## EXERCISE DIRECTIONS
In your copy of the data, include no pictures and alter nothing else.

## RAW DATA
# # # # # # #
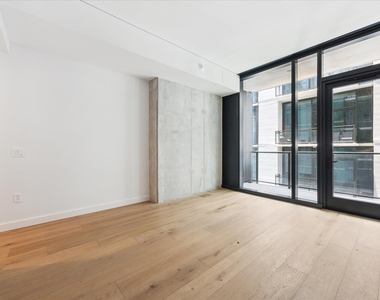 610 Davis St - Photo Thumbnail 7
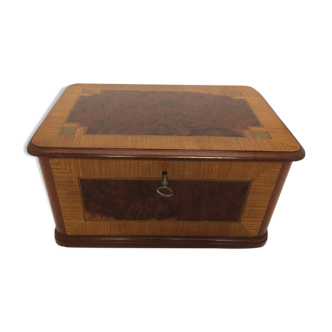 Coffret ancien en marqueterie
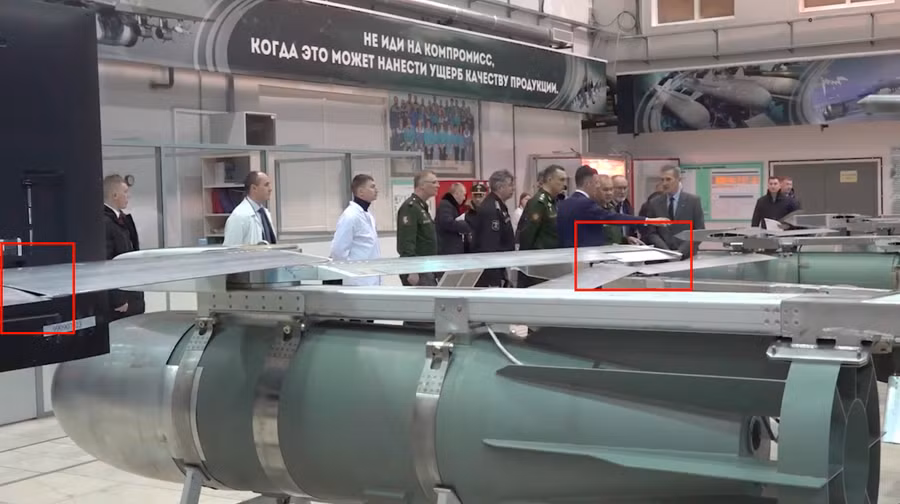 Ông Sergei Shoigu tham quan dây chuyền sản xuất bom FAB-1500.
# # # # # # #
## PROBLEM SOLUTION
 610 Davis St - Photo Thumbnail 7
 Coffret ancien en marqueterie
 Ông Sergei Shoigu tham quan dây chuyền sản xuất bom FAB-1500.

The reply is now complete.